Welcome to the forum.  Nice shots.

I like this software for a quick go..  Alien Skin Software: Exposure


----------



## GeneralBenson (Jun 22, 2009)

The top one looks kind of like a split toning or even really mild cross processing.  Both of them have some pretty heavy contrast adjustments.  That's all I got, sorry.


----------



## Joel M (Jun 22, 2009)

Thanks guys!  I'll check it out!


----------



## GeneralBenson (Jun 22, 2009)

Also, just a heads up... if those are someone else's photos and not yours, you're supposed to link to them, not post them.  

Mike E that exposure program looks pretty cool.


----------



## musicaleCA (Jun 22, 2009)

Agreed with the split toning on the first. As for the second, that has more to do with lighting than PP. Looks like she was lit from the upper left, with a really soft light (diffuser, perhaps?). Kinda odd though; personally I would've tried to go for short lighting with that face.

Oh, and the ToS of this site states in no uncertain terms that you aren't allowed to post (display) any work that isn't your own.

And one more tip: Practise patience. You probably won't have much success your first time trying to get a particular effect, and will have to go back, tweak things, look at it, tweak some more, ad nauseum. Or throw your hands up in the air and start over, either from the original image or from a different shot/shoot.

In both shots, the most important thing is to take care with lighting. Only very minor problems in lighting can be effectively fixed in Photoshop; terrible lighting isn't worth the time, IMO.

Perhaps you could post some examples of what *you've* done. It'd be easier to point-out what you might want to try doing to achieve the above effects.


----------



## JerryPH (Jun 22, 2009)

On the first pic, though the PPing may be ok with that "beauty glow" effect, but the focus is off by just enough as to be noticeable.

Rule 1 of portraiture... if the eyes are not tack sharp, there is room for improvement.


----------



## blash (Jun 22, 2009)

JerryPH said:


> On the first pic, though the PPing may be ok with that "beauty glow" effect, but the focus is off by just enough as to be noticeable.
> 
> Rule 1 of portraiture... if the eyes are not tack sharp, there is room for improvement.



I agree with the focus-on-the-eyes part but for completeness's sake, there are other trains of thought - focusing on the cheeks, for example, with just enough DOF to make the eyes as sharp as they're going to get without actually focusing on them, to make it more likely to get the nose in focus as well. The portrait photographer in question for that pic may be subscribing to that train of thought - personally, the eyes look sharp to me (at least in my current fatigued state).

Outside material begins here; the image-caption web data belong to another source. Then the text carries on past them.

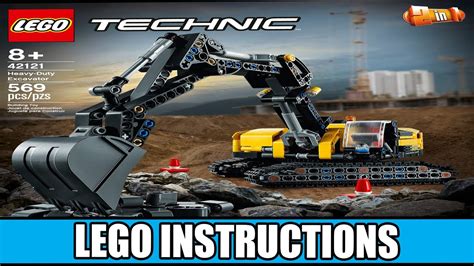 LEGO Instructions | Technic | 42121 | Heavy Duty Excavator - YouTube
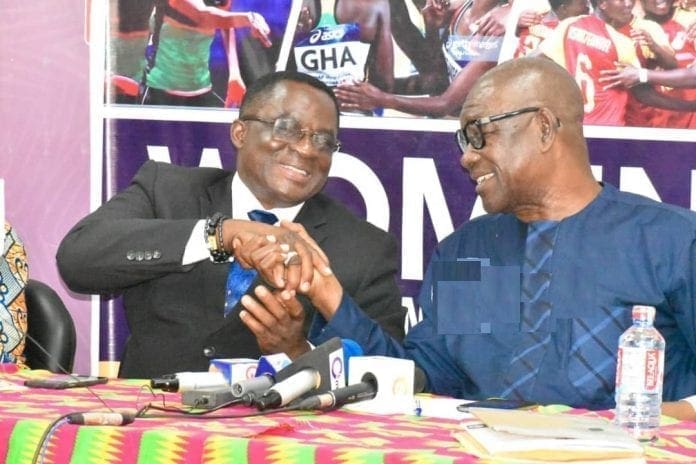 GOC Presidents B.T. Baba And Ben Nunoo Mensah GOC Presidents B.T. Baba And Ben Nunoo Mensah
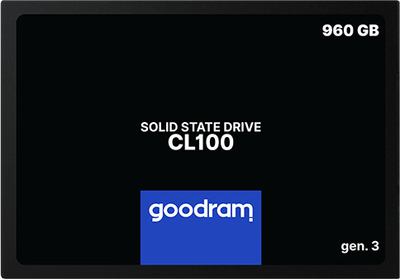 Disk GOODRAM CL100 Gen.3, 2.5 "- 960GB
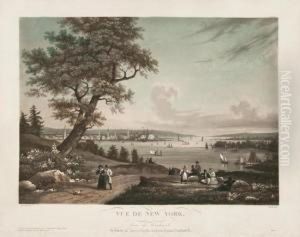 Vue De New York, Prise De Weahawk (a Viewof New-york, Taken From Weahawken). by Ambroise-Louis Garneray
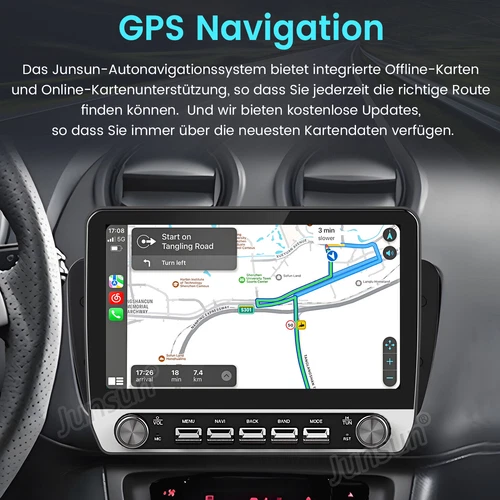 Autoradio 2+64GB Carplay Android 14 per Seat Ibiza 6j 2009-2013 GPS Navi WIFI FM - Foto 6 di 17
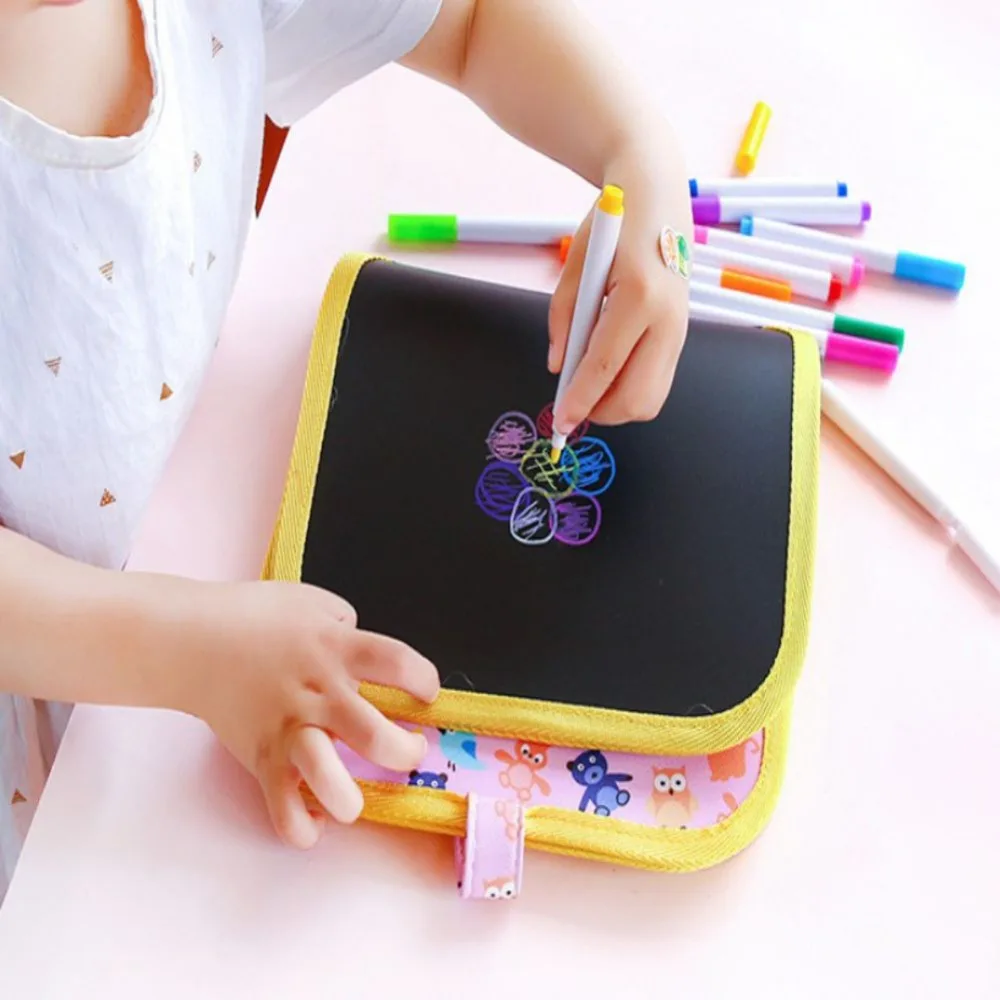 2019 ПВХ Детская портативная меловая доска для рисования с водой Мел раскраска книга DIY портативная доска для рисования игрушка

By the way, to the OP - the only way to truly get "that film look" is with, guess what, FILM. Digital can't do *everything* from an artistic perspective you know :mrgreen:


----------



## EhJsNe (Jun 23, 2009)

I personaly dont like the look of the first one....it looks over processed and overexposed. I dont see why that "look" is soo poplular.
If you ask me it looks like crap and if I got that from out of my camera I would delete it. 
But that is my opinion...

If you want the look of the top one...get the longest and fastest lens you can afford (I would go with a 70-200mm f/2.8 because its good for other things too and its an excelent lens) That will get you the blurry backround.
Other than that...in PS lighten the exposure...and if you want it to look like film....shoot the portraits with film! Get a film scanner and do the rest of the editing from there.


----------



## CxThree (Jun 23, 2009)

Scott Kelby's 7 Point System book is good for learning what you can do to retouch photos in PS.  It has one chapter with a picture of an old cowboy. They do effects to him that they call the Hollywood effect.  I believe it's the film look you are asking about.  You may want to check that book out.


----------